Results from an HTTP POST request to an OpenSRF method via the OpenSRF HTTP Translator
# HTTP response broken up over multiple lines for legibility [{"__c":"osrfMessage","__p": \ # <1> {"threadTrace":0, "payload": \ # <2> {"__c":"osrfResult","__p": \ # <3> {"status":"OK","content":"raboof","statusCode":200} \ # <4> },"type":"RESULT","locale":"en-CA" \ # <5> } }, {"__c":"osrfMessage","__p": \ # <6> {"threadTrace":0,"payload": \ # <7> {"__c":"osrfConnectStatus","__p": \ # <8> {"status":"Request Complete","statusCode":205} \ # <9> },"type":"STATUS","locale":"en-CA" \ # <10> } }]
- The OpenSRF HTTP Translator returns an array of JSON objects in its response. Each object in the response is an OpenSRF message ("__c":"osrfMessage") with a collection of response parameters ("__p":).
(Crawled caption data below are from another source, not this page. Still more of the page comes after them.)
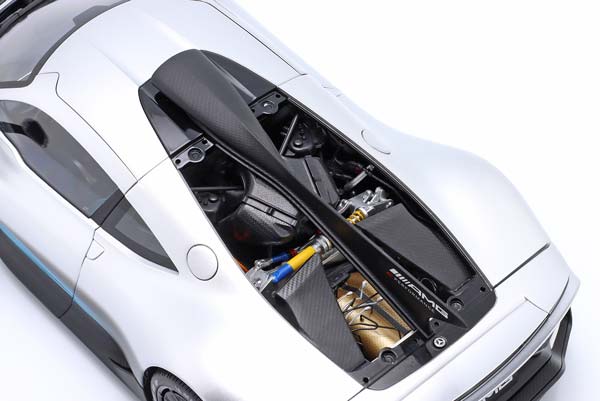 MERCEDES-BENZ AMG ONE (C298) HIGH-TECH SILVER / МЕРСЕДЕС-БЕНЦ АМГ ОНЕ C298 ХАЙ-ТЕК СЕРЕБРИСТЫЙ — фото 6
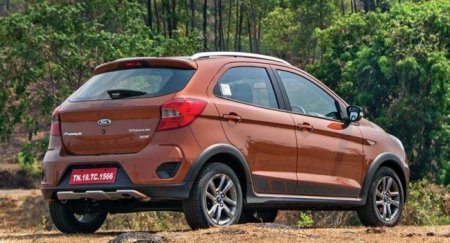 Компания Ford показала новый кроссовер Figo Freestyle - «Новостной Автоблогер»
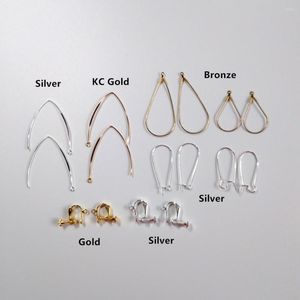Çember küpeler toptan moda diy mücevher yapımı aksesuarlar kanca kulak tel konektörleri kadınlar için el yapımı bulgular bijoux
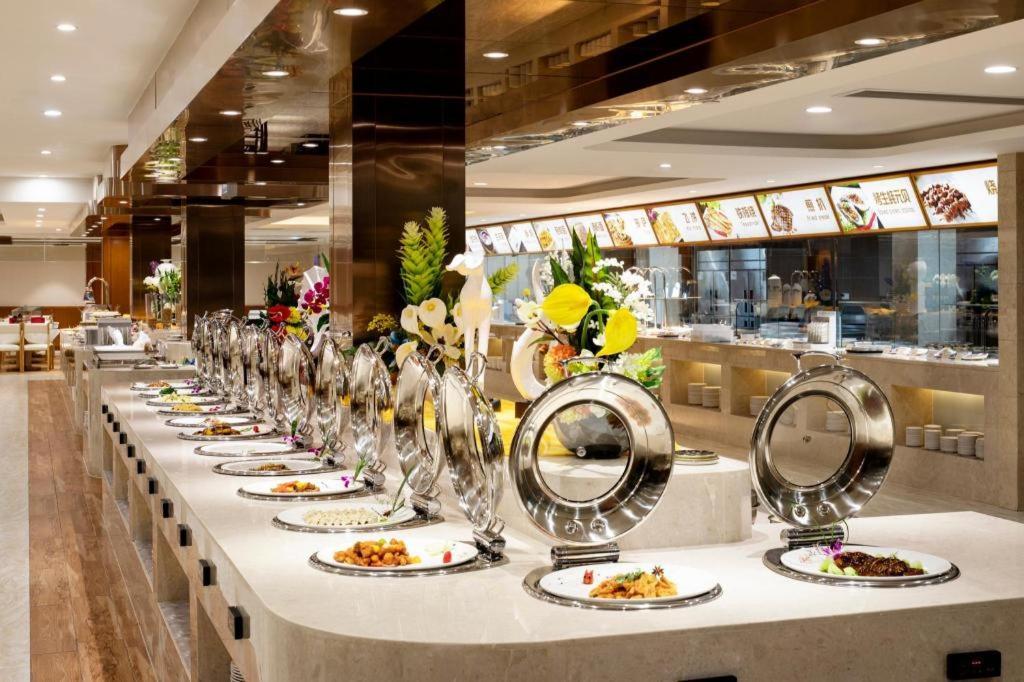 Cheermore Recreation Hotel Guangzhou Zhimao Yuan Ecological Spa Leisure Hotel Εξωτερικό φωτογραφία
- The OpenSRF message identifier ("threadTrace":0) confirms that this message is in response to the request matching the same identifier.
- The message includes a payload JSON object ("payload":) with an OpenSRF result for the request ("__c":"osrfResult").
- The result includes a status indicator string ("status":"OK"), the content of the result response – in this case, a single string “raboof” ("content":"raboof") – and an integer status code for the request ("statusCode":200).
- The message also includes the message type ("type":"RESULT") and the message locale ("locale":"en-CA").
- The second message in the set of results from the response.
- Again, the message identifier confirms that this message is in response to a particular request.
- The payload of the message denotes that this message is an OpenSRF connection status message ("__c":"osrfConnectStatus"), with some information about the particular OpenSRF connection that was used for this request.
- The response parameters for an OpenSRF connection status message include a verbose status ("status":"Request Complete") and an integer status code for the connection status (`”statusCode”:205).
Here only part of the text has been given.